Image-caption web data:
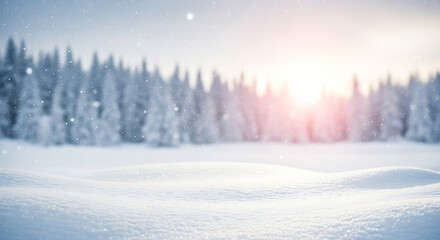 Seasonal Decor Aesthetics for Holiday Themes: Snowy Winter Landscape with Copy Space and Blurry Forest Background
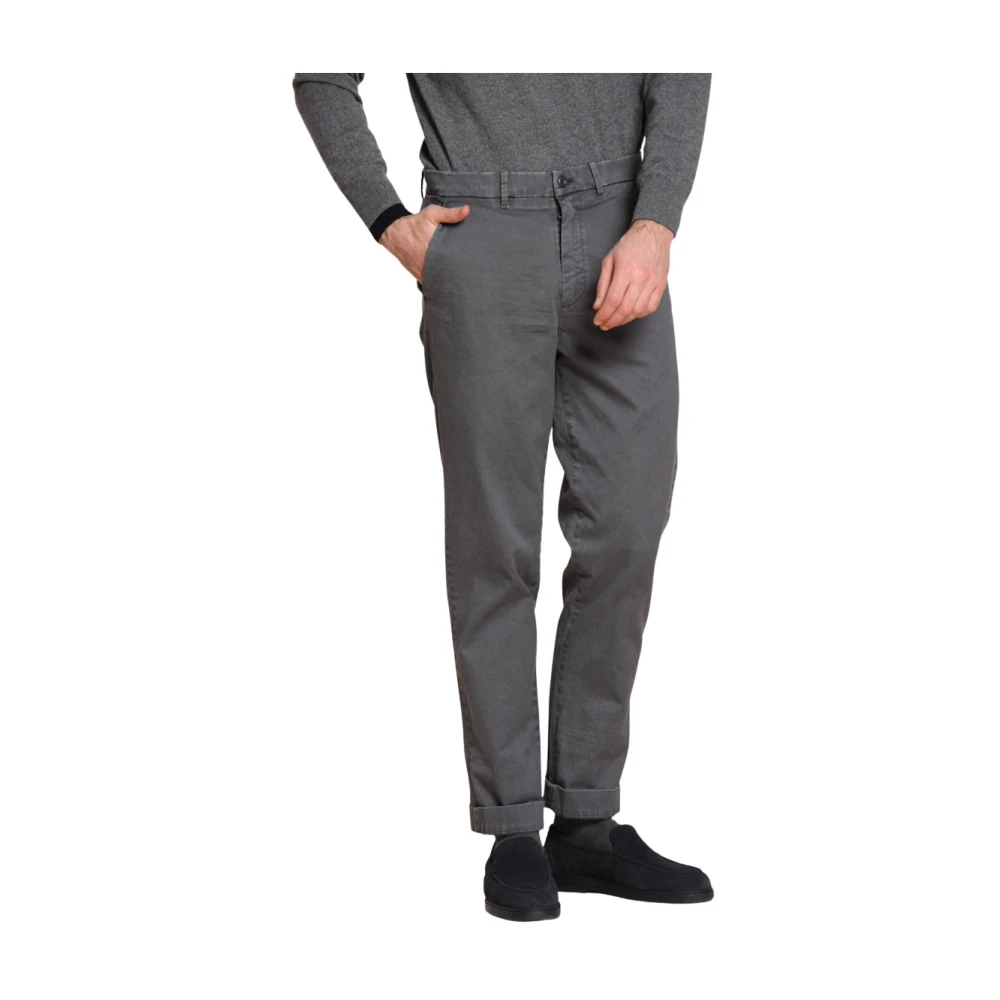 Mason's Men's Gray Chinos, Xs, Relaxed Fit Chino Trousers In Dark Grey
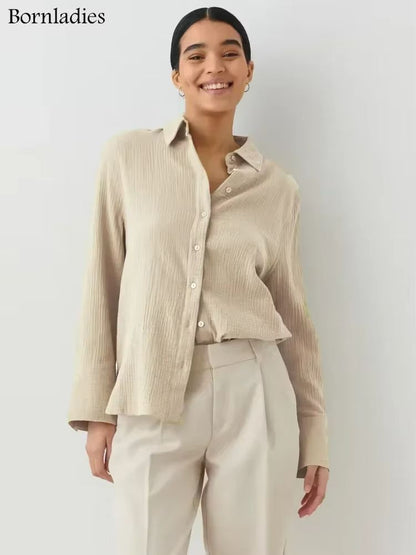 BreezeCotton Womens Long Sleeve Shirt  Lightweight Stylish  100 Cotton Comfort 3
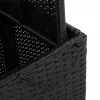  fekete polyrattan és akácfa kerti asztal 90 x 55 x 71 cm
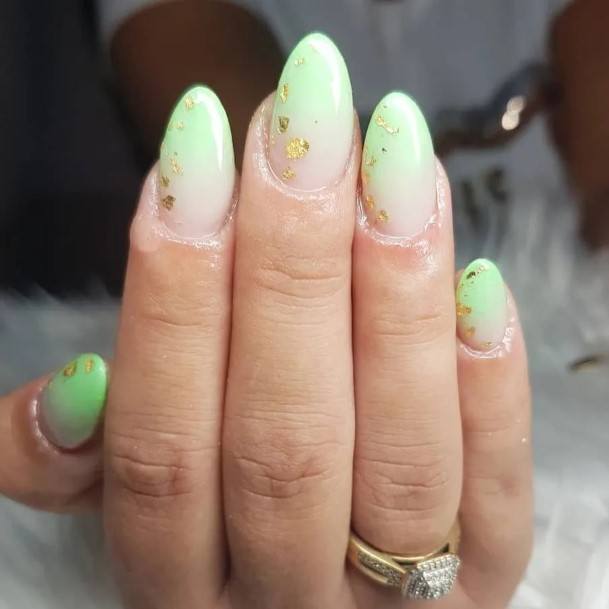 Decorative Green Ombre Nail On Female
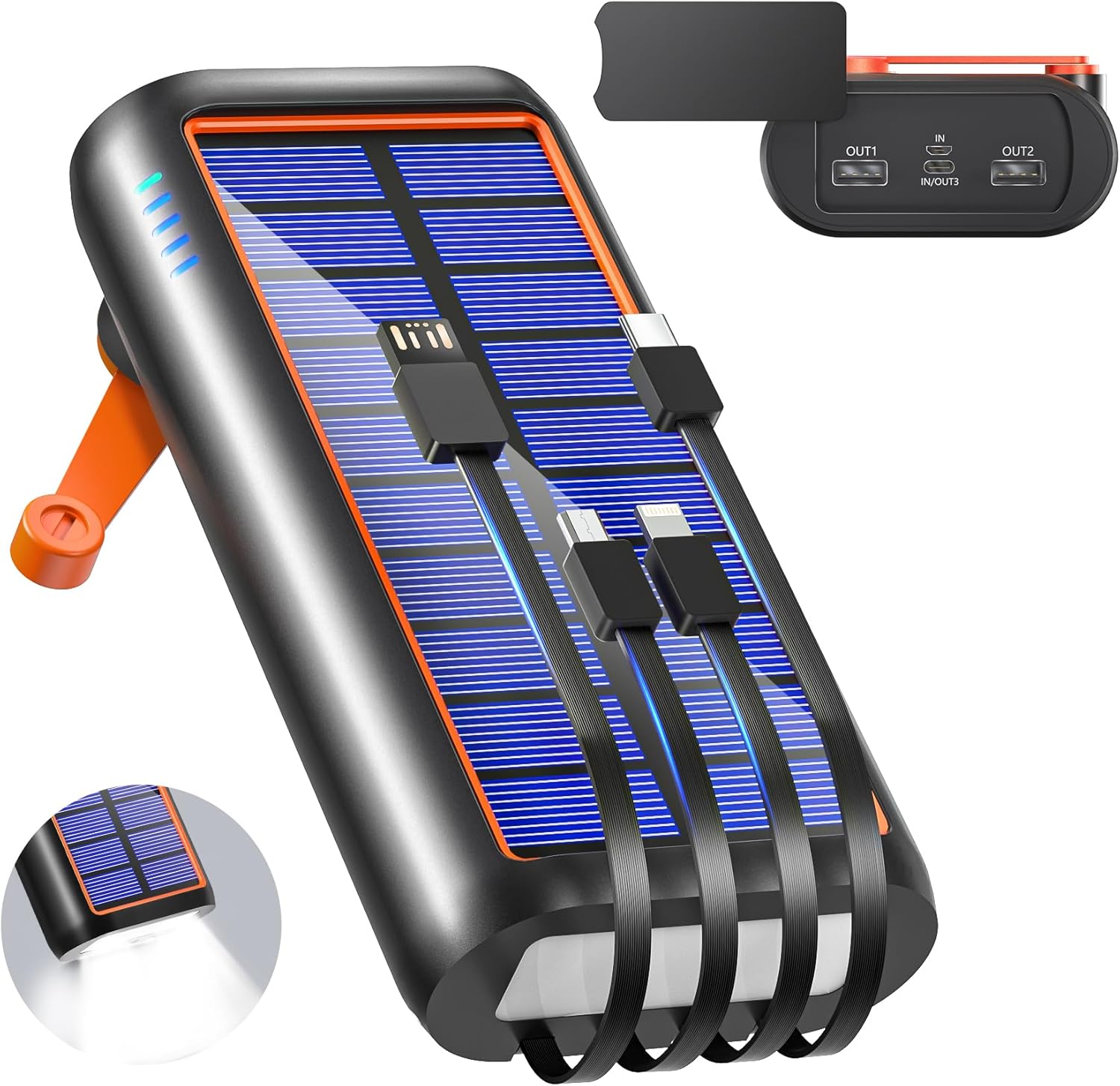 防災対策用 ソーラーモバイルバッテリー 61200mAh Type-C 急速充電 IPX7防水 携帯充電器 (オレンジ)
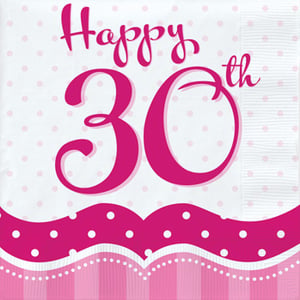 A napkin that says "Happy 30th" on it.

:: PROBLEM STATEMENT ::
Could you set down every entry again exactly as written, leaving out any pictures?

:: OUTPUT ::
 Seasonal Decor Aesthetics for Holiday Themes: Snowy Winter Landscape with Copy Space and Blurry Forest Background
 Mason's Men's Gray Chinos, Xs, Relaxed Fit Chino Trousers In Dark Grey
 BreezeCotton Womens Long Sleeve Shirt  Lightweight Stylish  100 Cotton Comfort 3
  fekete polyrattan és akácfa kerti asztal 90 x 55 x 71 cm
 Decorative Green Ombre Nail On Female
 防災対策用 ソーラーモバイルバッテリー 61200mAh Type-C 急速充電 IPX7防水 携帯充電器 (オレンジ)
 A napkin that says "Happy 30th" on it.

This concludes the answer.